Restauré il y a peu, c'est dans de belles conditions que l'on peut découvrir ce solide film de Kim Ki-Young qui semble avoir été source d'inspiration pour bon nombre de cinéastes coréens contemporains. Et s'il n'est pas dénué de petits défauts -sa narration étant un peu maladroite par moment et sa fin remet un peu tristement en question le film dans son intégralité-, il est aisé de comprendre l'influence qu'a pu avoir La servante ne serait-ce que pour sa réalisation inspirée qui, aujourd'hui encore, est loin d'avoir été éthérée par le temps.
C'est d'un coup d'oeil résolument moderne que Kim Ki-Young monte sa virulente critique sociale. Ses noirs et blancs sont somptueux et sa science du montage impressionne autant qu'elle permet au spectateur de rester complètement scotché à l'image du début à la fin de la séance. La servante ne souffre d'aucun temps mort, et même si sa narration peut parfois sembler cavalière (dans sa gestion de la temporalité notamment, quand on apprend que la servante est enceinte de deux mois alors que l'acte coupable -un peu précipité aussi de mon pointe vue- semble avoir eu lieu la veille), il est assez remarquable de voir avec quelle aisance Kim Ki-Young utilise à l'extrême le seul lieu qu'il film pour y dérouler son propos. En technicien très solide, il parvient à trouver les angles de vue qui vont servir au mieux ses intentions pour qu'en l'espace d'un seul plan, on puisse saisir une scène complète (l'accident de la servante dans les escalier par exemple où il parvient, en un plan, à cerner quasiment toute la famille).

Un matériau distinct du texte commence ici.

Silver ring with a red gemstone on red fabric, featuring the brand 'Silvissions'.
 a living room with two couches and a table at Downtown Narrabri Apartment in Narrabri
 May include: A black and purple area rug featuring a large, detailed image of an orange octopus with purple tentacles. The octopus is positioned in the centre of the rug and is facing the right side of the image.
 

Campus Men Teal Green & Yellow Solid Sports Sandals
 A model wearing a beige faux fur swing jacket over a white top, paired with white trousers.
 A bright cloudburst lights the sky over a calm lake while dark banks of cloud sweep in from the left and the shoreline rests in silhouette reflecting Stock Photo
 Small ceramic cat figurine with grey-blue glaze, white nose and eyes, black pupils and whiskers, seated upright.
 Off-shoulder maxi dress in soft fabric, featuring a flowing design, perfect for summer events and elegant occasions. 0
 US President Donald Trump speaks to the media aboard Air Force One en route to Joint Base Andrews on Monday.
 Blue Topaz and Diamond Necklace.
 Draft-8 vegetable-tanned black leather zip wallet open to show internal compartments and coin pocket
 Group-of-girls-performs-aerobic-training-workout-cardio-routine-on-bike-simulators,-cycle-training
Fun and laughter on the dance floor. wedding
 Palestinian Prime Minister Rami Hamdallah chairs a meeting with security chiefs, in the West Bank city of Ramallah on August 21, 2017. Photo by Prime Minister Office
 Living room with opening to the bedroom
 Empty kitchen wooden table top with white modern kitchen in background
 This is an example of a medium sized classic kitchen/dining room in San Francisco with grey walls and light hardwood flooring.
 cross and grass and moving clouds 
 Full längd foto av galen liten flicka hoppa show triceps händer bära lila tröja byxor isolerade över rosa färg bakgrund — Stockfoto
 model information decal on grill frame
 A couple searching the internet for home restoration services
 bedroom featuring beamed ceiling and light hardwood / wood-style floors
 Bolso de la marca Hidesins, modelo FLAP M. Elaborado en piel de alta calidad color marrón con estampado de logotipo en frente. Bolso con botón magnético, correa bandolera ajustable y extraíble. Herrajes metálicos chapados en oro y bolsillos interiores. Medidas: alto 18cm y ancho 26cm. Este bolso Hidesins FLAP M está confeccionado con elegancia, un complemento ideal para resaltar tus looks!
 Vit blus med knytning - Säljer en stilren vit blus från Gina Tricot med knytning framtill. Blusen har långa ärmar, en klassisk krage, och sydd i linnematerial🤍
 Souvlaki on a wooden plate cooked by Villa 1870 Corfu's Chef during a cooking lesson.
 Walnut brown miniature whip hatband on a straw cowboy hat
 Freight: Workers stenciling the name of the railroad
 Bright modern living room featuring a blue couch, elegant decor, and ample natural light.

Cette inspiration dans la réalisation est au service d'un propos on ne peut plus amer. Kim Ki-Young dissèque avec son film la notion de classe sociale dans la société coréenne et surtout les traditions qui les font vivre. Impossible pour cette cellule familiale sur le point d'imploser de prendre une décision sereine lorsque le mal est fait. Ce déshonneur directement dicté par l'héritage de leur culture va conditionner cette lente agonie que père et mère vont infliger inconsciemment à ce qu'ils ont de plus cher, leurs enfants. Kim Ki-Young enfonce d'ailleurs le clou lors d'une séquence très crue à base de mort au rat et de brisage de nuque dans des escaliers qui fait froid dans le dos et continue d'insister, si besoin était, sur la bêtise que peut inspirer cette si importante crédibilité sociale qu'il est bon d'avoir aux yeux de ses voisins.
Violent dans son propos mais aussi dans ses images, qui n'hésitent pas à briser certains tabous que l'on voit, encore aujourd'hui, rarement à l'écran, la servante est un film dense qui ne souffre d'aucune demi-mesure. D'ailleurs, à l'amusant versus qu'on pourrait en faire avec le remake qu'en fit Im Sang-soo en 2010, le film de Kim Ki-Young l'emporte en terme de violence psychologique. Il semblerait qu'en 2010, on ne touche pas aux enfants. C'est assez amusant, parce que généralement les langues se plaisent à dire que la violence est beaucoup plus rude dans les films actuels. La servante prouve que déjà en 1961, elle existait déjà, et de façon bien cruelle.